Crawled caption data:
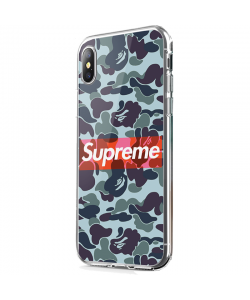Supreme Camo - iPhone X Carcasa Transparenta silicon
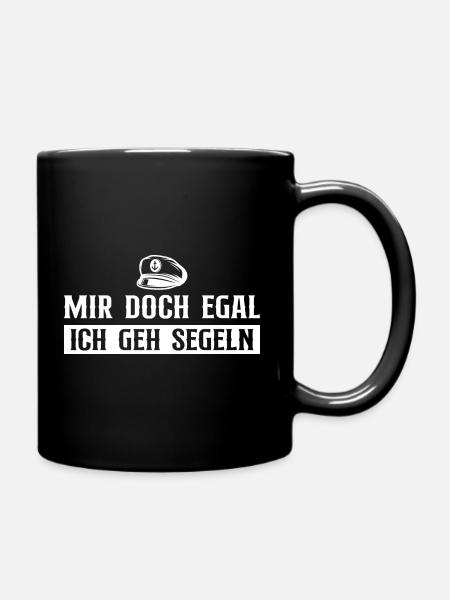 Segeln Mir doch egal Segelboot Kapitän - Tasse einfarbig - Schwarz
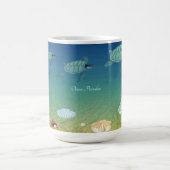 海、ウミガメ、貝殻、真珠、書道 コーヒーマグカップ (中央)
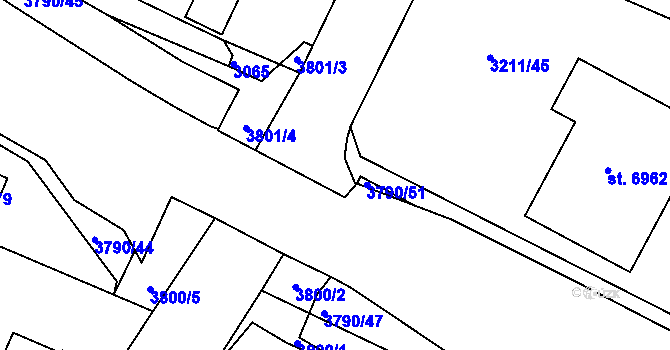 Parcela st. 3801/1 v KÚ Havlíčkův Brod, Katastrální mapa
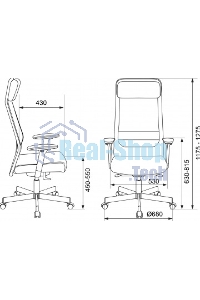 Кресло руководителя Бюрократ T-995 серый TW-04 Neo Grey, сетка/ткань, крестов. металл черный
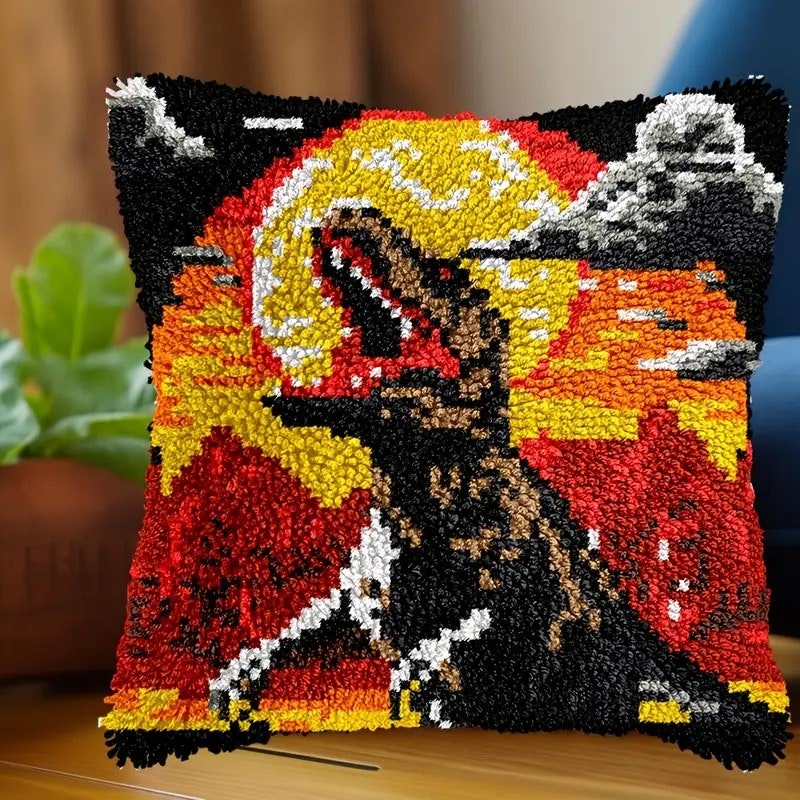 Knytepute T-rex ferdig montert bunn med bakstykke 43x43 cm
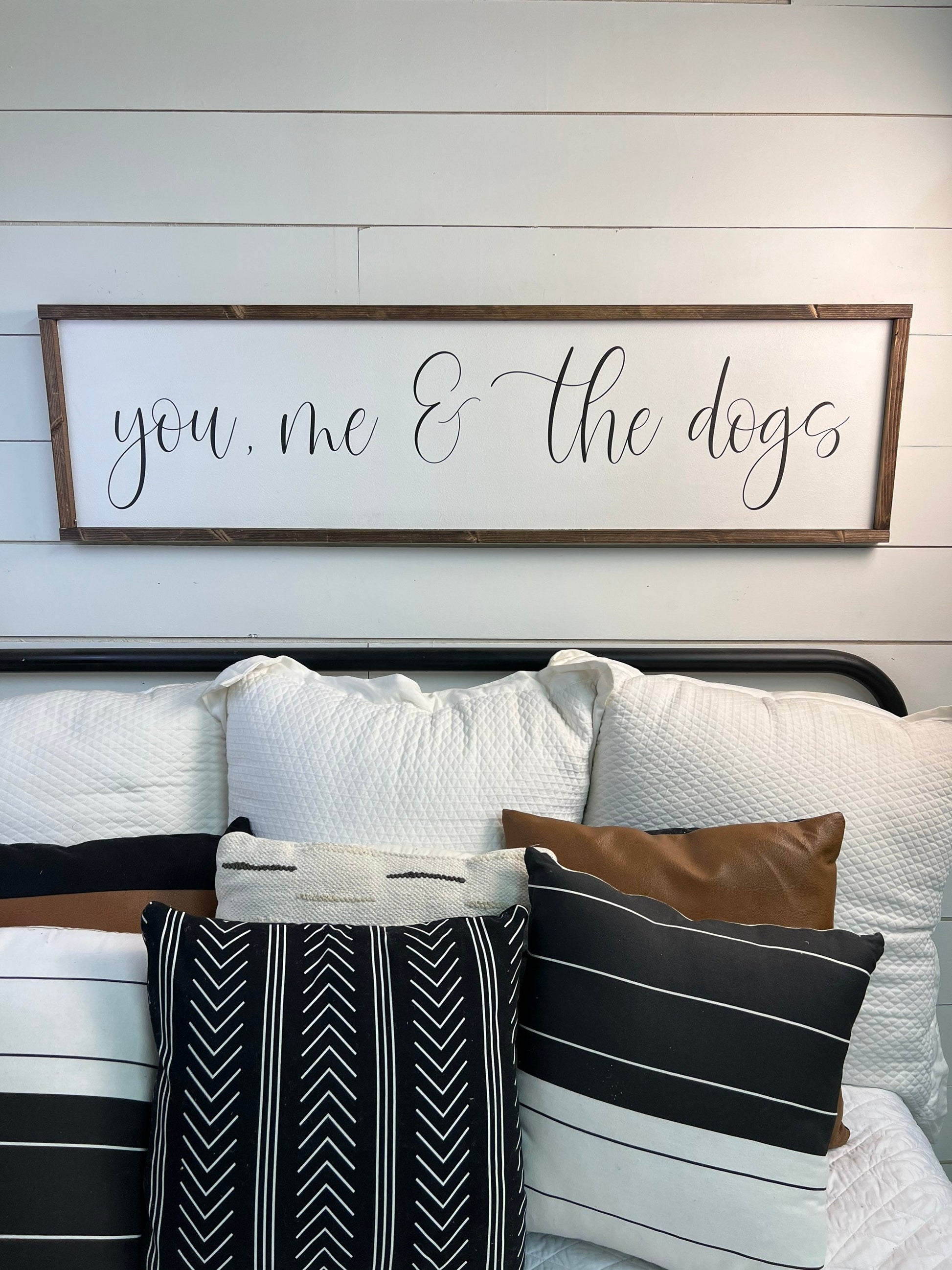 you, me & the dogs - above over the bed sign - master bedroom wall art [FREE SHIPPING!]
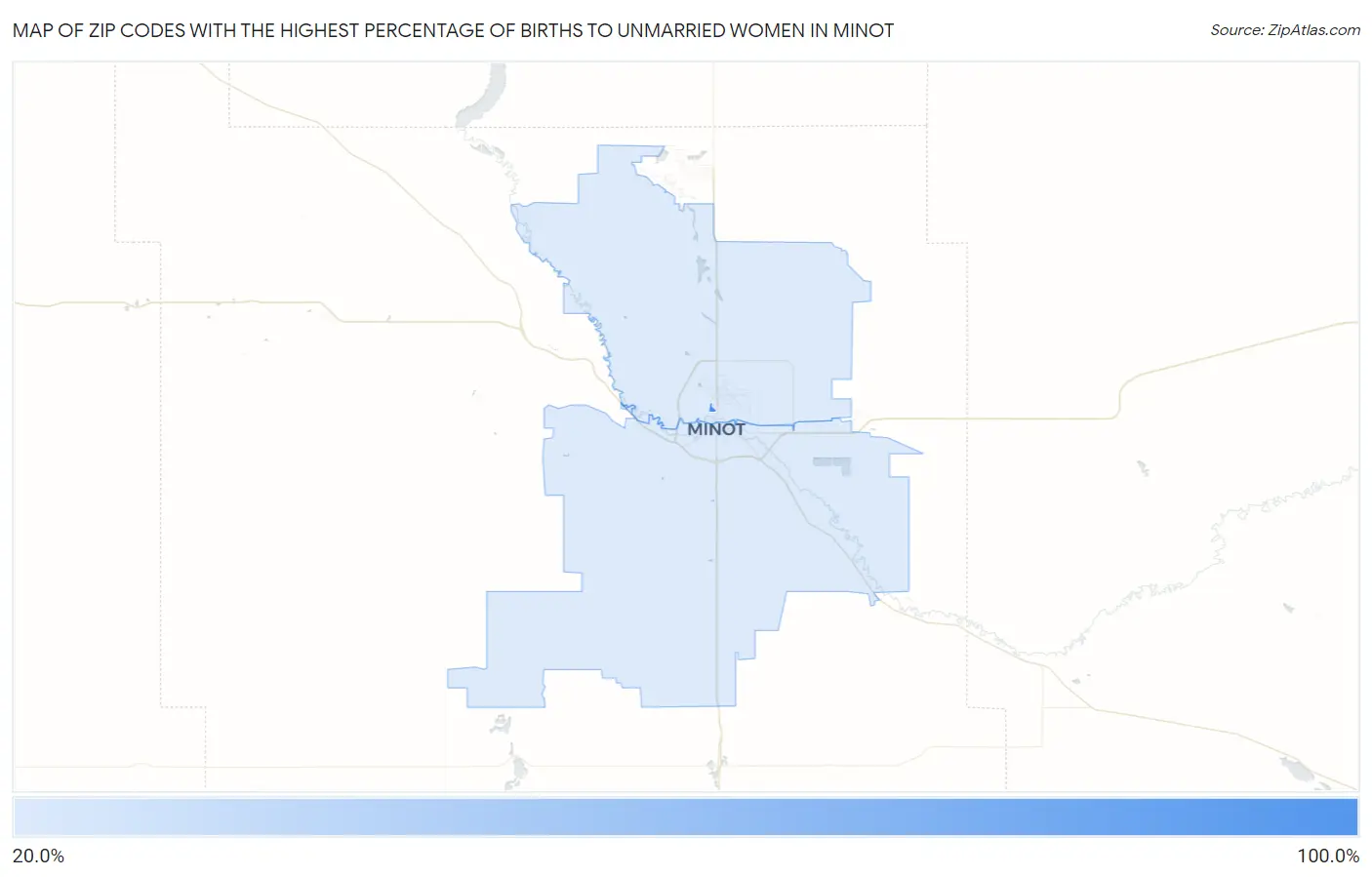 Zip Codes with the Highest Percentage of Births to Unmarried Women in Minot Map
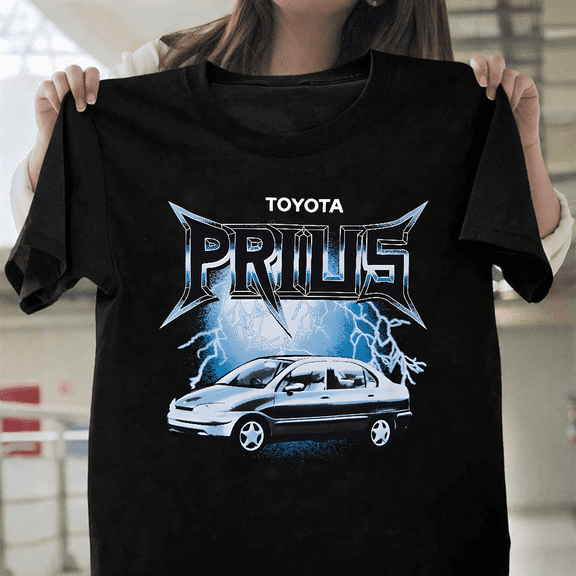 Toyota Prius Lightning Hybrid EV Automobile Enthusiast Unisex T-Shirt, up to size 3XL.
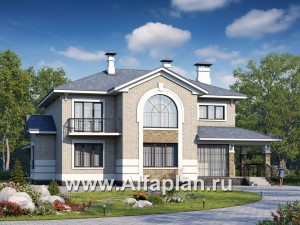 Проекты домов Альфаплан - «Аутентик» - проект двухэтажного дома, с двусветным холлом и верандой, арочное окно, в стиле эклектика - превью основного изображения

> **Exercise details**:
Return an exact transcription of the entries above, excluding each image.

> **Problem solution**:
Supreme Camo - iPhone X Carcasa Transparenta silicon
 Segeln Mir doch egal Segelboot Kapitän - Tasse einfarbig - Schwarz
 海、ウミガメ、貝殻、真珠、書道 コーヒーマグカップ (中央)
 Parcela st. 3801/1 v KÚ Havlíčkův Brod, Katastrální mapa
 Кресло руководителя Бюрократ T-995 серый TW-04 Neo Grey, сетка/ткань, крестов. металл черный
 Knytepute T-rex ferdig montert bunn med bakstykke 43x43 cm
 you, me & the dogs - above over the bed sign - master bedroom wall art [FREE SHIPPING!]
 Zip Codes with the Highest Percentage of Births to Unmarried Women in Minot Map
 Toyota Prius Lightning Hybrid EV Automobile Enthusiast Unisex T-Shirt, up to size 3XL.
 Проекты домов Альфаплан - «Аутентик» - проект двухэтажного дома, с двусветным холлом и верандой, арочное окно, в стиле эклектика - превью основного изображения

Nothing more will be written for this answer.